* **DIRECTIONS FOR THIS TASK**:
All of the data must be output without alteration.

>>

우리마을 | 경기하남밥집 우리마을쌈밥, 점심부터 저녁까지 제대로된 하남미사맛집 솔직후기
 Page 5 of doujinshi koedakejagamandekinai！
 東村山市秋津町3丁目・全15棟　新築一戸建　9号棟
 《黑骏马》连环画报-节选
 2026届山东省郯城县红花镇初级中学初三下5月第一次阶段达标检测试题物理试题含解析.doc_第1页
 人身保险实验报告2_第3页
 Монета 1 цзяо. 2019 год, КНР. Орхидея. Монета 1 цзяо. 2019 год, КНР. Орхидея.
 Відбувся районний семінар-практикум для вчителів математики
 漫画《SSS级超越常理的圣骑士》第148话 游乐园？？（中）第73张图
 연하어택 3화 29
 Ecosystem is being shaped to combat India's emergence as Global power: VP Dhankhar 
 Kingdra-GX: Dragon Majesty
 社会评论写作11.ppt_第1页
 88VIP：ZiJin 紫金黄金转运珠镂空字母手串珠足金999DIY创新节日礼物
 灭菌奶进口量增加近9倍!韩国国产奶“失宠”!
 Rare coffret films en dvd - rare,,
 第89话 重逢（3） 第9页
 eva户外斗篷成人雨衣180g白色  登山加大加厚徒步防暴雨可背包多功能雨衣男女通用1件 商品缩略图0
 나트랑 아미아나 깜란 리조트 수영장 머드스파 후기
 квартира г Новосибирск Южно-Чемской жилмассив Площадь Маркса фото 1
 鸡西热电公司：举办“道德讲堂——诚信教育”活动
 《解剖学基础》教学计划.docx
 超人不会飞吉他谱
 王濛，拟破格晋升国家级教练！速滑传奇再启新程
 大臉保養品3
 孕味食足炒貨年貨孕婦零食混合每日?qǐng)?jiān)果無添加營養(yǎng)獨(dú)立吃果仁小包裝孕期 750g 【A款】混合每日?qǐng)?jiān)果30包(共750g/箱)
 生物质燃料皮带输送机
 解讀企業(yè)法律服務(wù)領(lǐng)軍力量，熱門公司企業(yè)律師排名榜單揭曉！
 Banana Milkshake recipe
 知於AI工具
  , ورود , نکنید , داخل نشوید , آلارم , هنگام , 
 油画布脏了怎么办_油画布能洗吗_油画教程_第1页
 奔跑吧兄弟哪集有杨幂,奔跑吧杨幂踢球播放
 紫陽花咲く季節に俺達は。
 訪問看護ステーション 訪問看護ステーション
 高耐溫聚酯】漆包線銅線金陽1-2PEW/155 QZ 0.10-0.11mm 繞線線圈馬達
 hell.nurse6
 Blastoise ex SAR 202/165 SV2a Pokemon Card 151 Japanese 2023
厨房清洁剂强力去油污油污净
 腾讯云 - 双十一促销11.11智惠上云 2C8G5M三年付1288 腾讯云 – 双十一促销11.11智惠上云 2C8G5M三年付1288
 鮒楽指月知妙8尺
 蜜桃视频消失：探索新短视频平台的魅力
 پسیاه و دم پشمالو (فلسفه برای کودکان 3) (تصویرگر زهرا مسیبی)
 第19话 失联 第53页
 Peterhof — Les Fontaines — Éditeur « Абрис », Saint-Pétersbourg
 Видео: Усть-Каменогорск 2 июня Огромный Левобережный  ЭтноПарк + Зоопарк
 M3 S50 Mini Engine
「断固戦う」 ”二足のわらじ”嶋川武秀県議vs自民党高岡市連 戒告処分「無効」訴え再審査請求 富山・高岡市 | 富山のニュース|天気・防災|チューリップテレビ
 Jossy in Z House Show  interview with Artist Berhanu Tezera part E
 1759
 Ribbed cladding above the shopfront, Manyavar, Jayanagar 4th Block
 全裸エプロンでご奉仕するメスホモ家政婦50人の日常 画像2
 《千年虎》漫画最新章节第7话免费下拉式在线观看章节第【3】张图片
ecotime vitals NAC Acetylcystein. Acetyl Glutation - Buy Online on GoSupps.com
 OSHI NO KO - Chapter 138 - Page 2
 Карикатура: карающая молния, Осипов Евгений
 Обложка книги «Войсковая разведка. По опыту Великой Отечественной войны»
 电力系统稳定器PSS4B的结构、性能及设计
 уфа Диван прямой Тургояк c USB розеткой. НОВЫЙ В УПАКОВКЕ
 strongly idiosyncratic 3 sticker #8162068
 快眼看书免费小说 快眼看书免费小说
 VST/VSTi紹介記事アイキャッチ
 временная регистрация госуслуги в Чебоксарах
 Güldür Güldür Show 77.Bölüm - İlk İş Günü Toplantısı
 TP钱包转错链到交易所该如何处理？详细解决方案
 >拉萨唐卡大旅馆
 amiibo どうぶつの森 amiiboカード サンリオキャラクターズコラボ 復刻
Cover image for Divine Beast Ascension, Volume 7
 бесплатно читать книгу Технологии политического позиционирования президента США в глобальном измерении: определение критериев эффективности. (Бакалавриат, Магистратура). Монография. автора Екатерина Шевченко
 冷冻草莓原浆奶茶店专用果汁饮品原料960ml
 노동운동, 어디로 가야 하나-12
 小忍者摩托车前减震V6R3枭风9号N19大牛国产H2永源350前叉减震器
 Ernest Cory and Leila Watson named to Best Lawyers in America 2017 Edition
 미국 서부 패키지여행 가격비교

<<

* **EXPECTED ANSWER**:
우리마을 | 경기하남밥집 우리마을쌈밥, 점심부터 저녁까지 제대로된 하남미사맛집 솔직후기
 Page 5 of doujinshi koedakejagamandekinai！
 東村山市秋津町3丁目・全15棟　新築一戸建　9号棟
 《黑骏马》连环画报-节选
 2026届山东省郯城县红花镇初级中学初三下5月第一次阶段达标检测试题物理试题含解析.doc_第1页
 人身保险实验报告2_第3页
 Монета 1 цзяо. 2019 год, КНР. Орхидея. Монета 1 цзяо. 2019 год, КНР. Орхидея.
 Відбувся районний семінар-практикум для вчителів математики
 漫画《SSS级超越常理的圣骑士》第148话 游乐园？？（中）第73张图
 연하어택 3화 29
 Ecosystem is being shaped to combat India's emergence as Global power: VP Dhankhar 
 Kingdra-GX: Dragon Majesty
 社会评论写作11.ppt_第1页
 88VIP：ZiJin 紫金黄金转运珠镂空字母手串珠足金999DIY创新节日礼物
 灭菌奶进口量增加近9倍!韩国国产奶“失宠”!
 Rare coffret films en dvd - rare,,
 第89话 重逢（3） 第9页
 eva户外斗篷成人雨衣180g白色  登山加大加厚徒步防暴雨可背包多功能雨衣男女通用1件 商品缩略图0
 나트랑 아미아나 깜란 리조트 수영장 머드스파 후기
 квартира г Новосибирск Южно-Чемской жилмассив Площадь Маркса фото 1
 鸡西热电公司：举办“道德讲堂——诚信教育”活动
 《解剖学基础》教学计划.docx
 超人不会飞吉他谱
 王濛，拟破格晋升国家级教练！速滑传奇再启新程
 大臉保養品3
 孕味食足炒貨年貨孕婦零食混合每日?qǐng)?jiān)果無添加營養(yǎng)獨(dú)立吃果仁小包裝孕期 750g 【A款】混合每日?qǐng)?jiān)果30包(共750g/箱)
 生物质燃料皮带输送机
 解讀企業(yè)法律服務(wù)領(lǐng)軍力量，熱門公司企業(yè)律師排名榜單揭曉！
 Banana Milkshake recipe
 知於AI工具
  , ورود , نکنید , داخل نشوید , آلارم , هنگام , 
 油画布脏了怎么办_油画布能洗吗_油画教程_第1页
 奔跑吧兄弟哪集有杨幂,奔跑吧杨幂踢球播放
 紫陽花咲く季節に俺達は。
 訪問看護ステーション 訪問看護ステーション
 高耐溫聚酯】漆包線銅線金陽1-2PEW/155 QZ 0.10-0.11mm 繞線線圈馬達
 hell.nurse6
 Blastoise ex SAR 202/165 SV2a Pokemon Card 151 Japanese 2023
厨房清洁剂强力去油污油污净
 腾讯云 - 双十一促销11.11智惠上云 2C8G5M三年付1288 腾讯云 – 双十一促销11.11智惠上云 2C8G5M三年付1288
 鮒楽指月知妙8尺
 蜜桃视频消失：探索新短视频平台的魅力
 پسیاه و دم پشمالو (فلسفه برای کودکان 3) (تصویرگر زهرا مسیبی)
 第19话 失联 第53页
 Peterhof — Les Fontaines — Éditeur « Абрис », Saint-Pétersbourg
 Видео: Усть-Каменогорск 2 июня Огромный Левобережный  ЭтноПарк + Зоопарк
 M3 S50 Mini Engine
「断固戦う」 ”二足のわらじ”嶋川武秀県議vs自民党高岡市連 戒告処分「無効」訴え再審査請求 富山・高岡市 | 富山のニュース|天気・防災|チューリップテレビ
 Jossy in Z House Show  interview with Artist Berhanu Tezera part E
 1759
 Ribbed cladding above the shopfront, Manyavar, Jayanagar 4th Block
 全裸エプロンでご奉仕するメスホモ家政婦50人の日常 画像2
 《千年虎》漫画最新章节第7话免费下拉式在线观看章节第【3】张图片
ecotime vitals NAC Acetylcystein. Acetyl Glutation - Buy Online on GoSupps.com
 OSHI NO KO - Chapter 138 - Page 2
 Карикатура: карающая молния, Осипов Евгений
 Обложка книги «Войсковая разведка. По опыту Великой Отечественной войны»
 电力系统稳定器PSS4B的结构、性能及设计
 уфа Диван прямой Тургояк c USB розеткой. НОВЫЙ В УПАКОВКЕ
 strongly idiosyncratic 3 sticker #8162068
 快眼看书免费小说 快眼看书免费小说
 VST/VSTi紹介記事アイキャッチ
 временная регистрация госуслуги в Чебоксарах
 Güldür Güldür Show 77.Bölüm - İlk İş Günü Toplantısı
 TP钱包转错链到交易所该如何处理？详细解决方案
 >拉萨唐卡大旅馆
 amiibo どうぶつの森 amiiboカード サンリオキャラクターズコラボ 復刻
Cover image for Divine Beast Ascension, Volume 7
 бесплатно читать книгу Технологии политического позиционирования президента США в глобальном измерении: определение критериев эффективности. (Бакалавриат, Магистратура). Монография. автора Екатерина Шевченко
 冷冻草莓原浆奶茶店专用果汁饮品原料960ml
 노동운동, 어디로 가야 하나-12
 小忍者摩托车前减震V6R3枭风9号N19大牛国产H2永源350前叉减震器
 Ernest Cory and Leila Watson named to Best Lawyers in America 2017 Edition
 미국 서부 패키지여행 가격비교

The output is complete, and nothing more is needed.